Il perfezionismo che moltiplica il lavoro
Obiettivo dichiarato: un mondo più reattivo, nemici e boss più articolati, feedback più credibili. Questo ha significato asset disegnati a mano, animazioni extra, sistemi intrecciati e un’enorme coerenza trasversale. Ogni miglioria locale richiedeva verifiche ovunque, dilatando soprattutto la rifinitura e il bug-hunting. Negli ultimi anni il lavoro è stato invisibile dall’esterno, ma cruciale per rendere ogni dettaglio naturale al controller.
Libertà economica, zero scadenze
Con oltre 15 milioni di copie vendute, Hollow Knight ha dato al team libertà economica. Silksong è stato finanziato senza pressioni di publisher o milestone: niente organico forzato, niente pre-ordini invasivi, nessuna tabella PR rigida. Scelte controintuitive che hanno mantenuto autonomia e serenità creativa, al costo di speculazioni e ansia della fanbase.

Tirando le fila
Alla fine, il perché dei sette anni si riduce a una parola scomoda e bellissima: scelta. Scelta di rimanere piccoli, scelta di far crescere l’idea finché serviva, scelta di proteggere il mistero, scelta di rifinire all’infinito finché sistema, estetica e mano artigiana non coincidessero.
Non è stata una gestazione facile in senso operativo, nessuna produzione lo è, ma è stata serena nel senso che conta per un progetto d’autore: set di priorità chiare, nessun compromesso per mancanza di fondi, nessuna rincorsa di promesse altrui. E nel frattempo, l’attesa ha tenuto accesa la fiamma: community iper-viva, wishlist da record, rinnovata fame per l’originale.

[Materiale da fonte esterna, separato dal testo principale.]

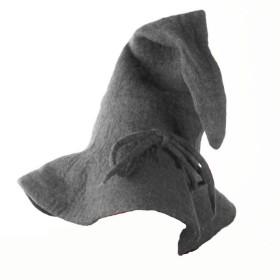 Zaubererhut aus Wolle "Merlin" Grau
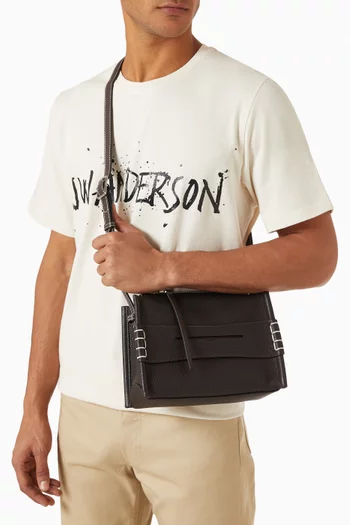 Small Messenger Loafer Bag in Leather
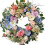 Guirlanda de flores artificiais de primavera de 22 polegadas 1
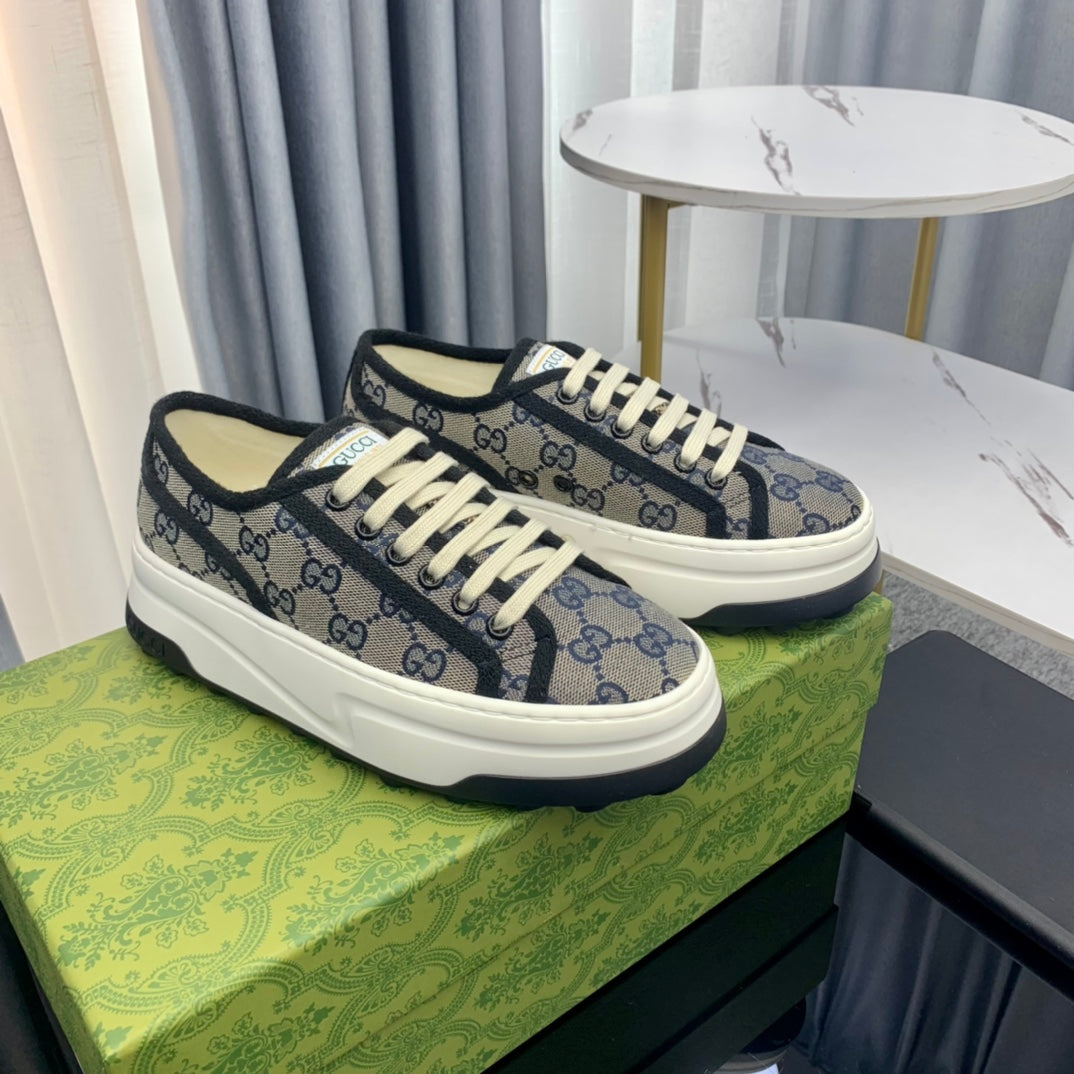 GG SNEAKER FLATFORM LEAD CANVAS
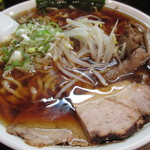 郁 - ワンタンメン @￥１０００− 2013.9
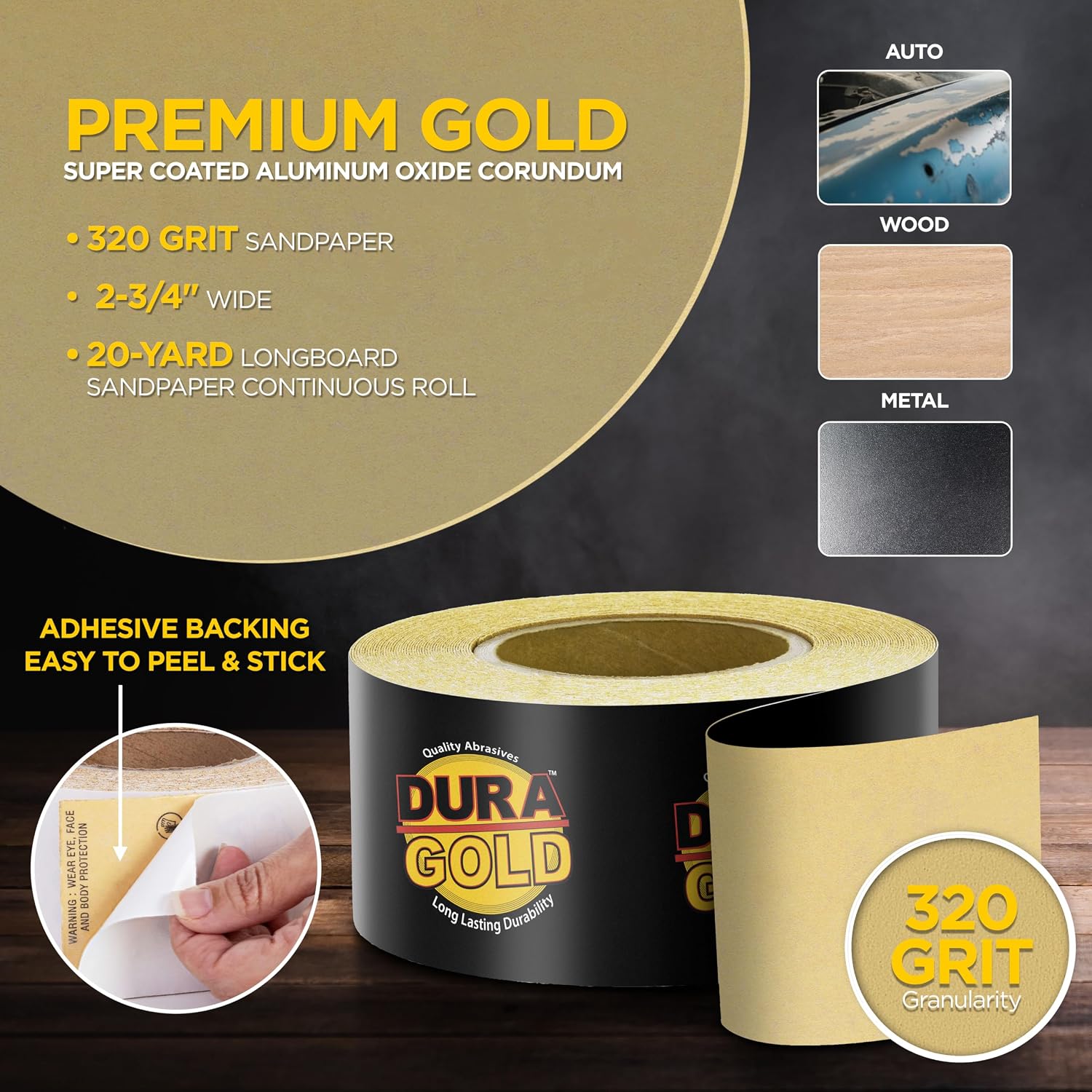 Detalle 2 de Dura-Gold Longboard Sandpaper, 320 Grit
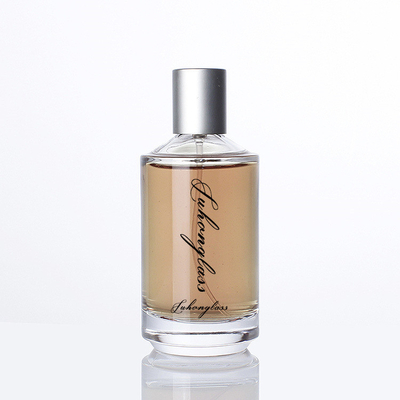 Silindirik Konik Parfüm Şişesi 30ml 50ml 100ml Kozmetik Alt Şişe Şeffaf Cam Parfüm Şişesi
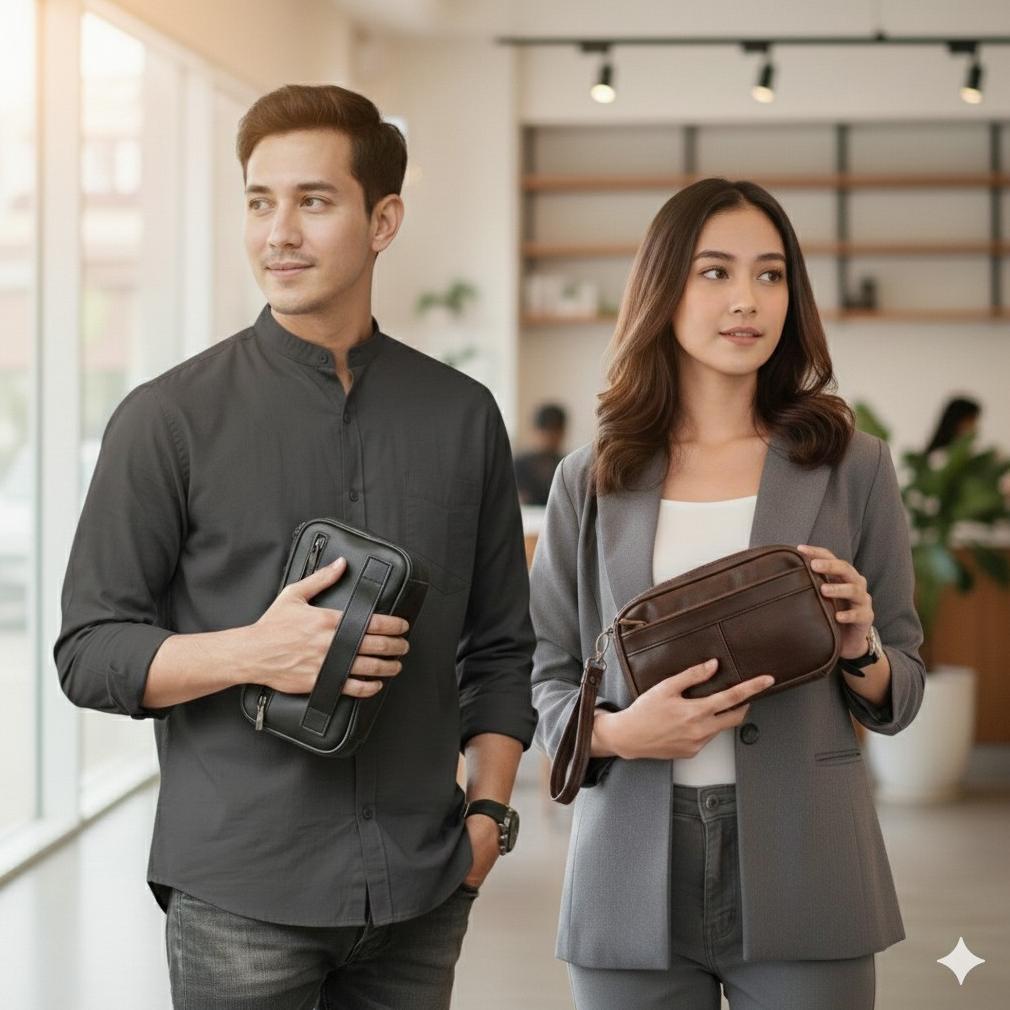 HOT CLUTCH PRIA HAND BAG POUCH PRIA WANITA WATERPROOF CLUTCH BAG HAND BAG PRIA KULIT KULIT TAS TANGA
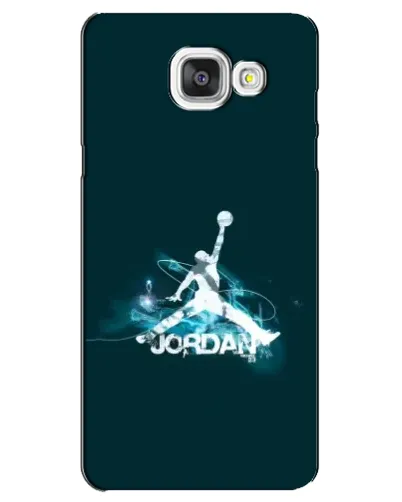 Чехол для Samsung Galaxy A5 2016 (A5100, A510F) с картинкой «Jordan Blue Fire»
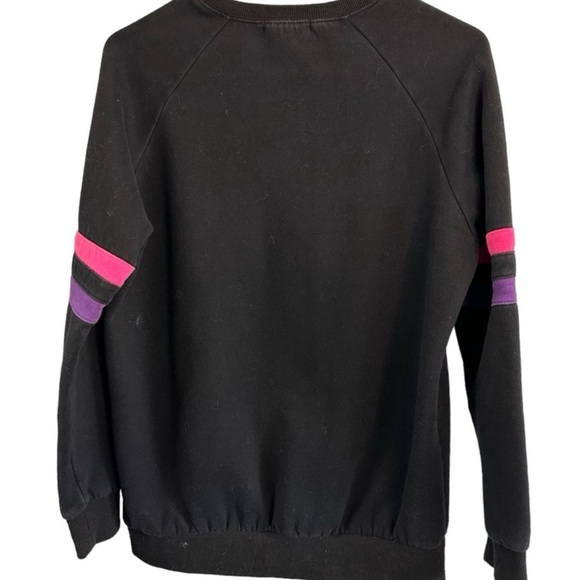 ✌️Dutch Bros Black Dutch LUV Crewneck Sweatshirt XSmall Stripes Patch ‘92 - Picture 2 of 7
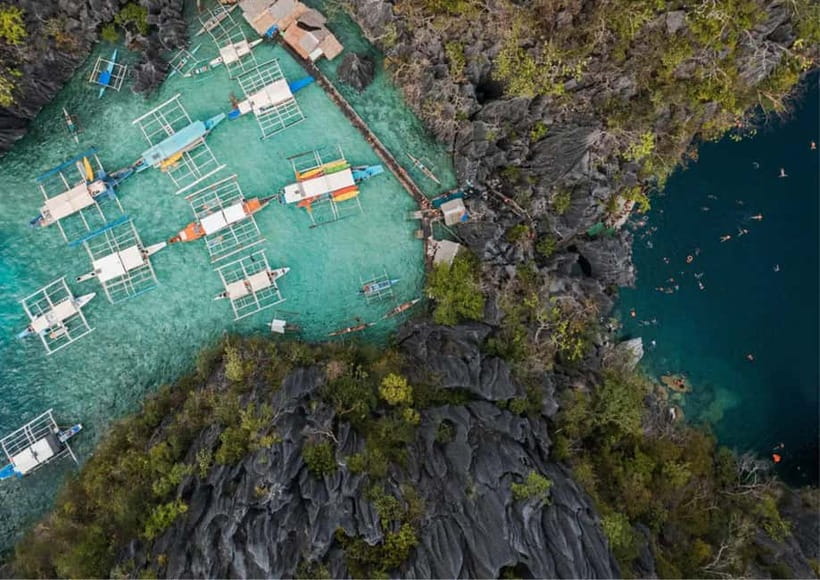 Coron: Island Tour B - Barracuda Lake and its unusual water layers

Il day-one, travolgente per gli store, è stato la prova empirica che quell’inerzia non si era spenta. Se cercavate un giallo, non c’è: c’è un laboratorio che ha preferito l’olio di gomito agli annunci, e un’opera che – proprio perché nata senza scorciatoie – è arrivata più tardi ma (probabilmente) più intera. In questo senso, Silksong non ha impiegato sette anni: ha usato sette anni bene.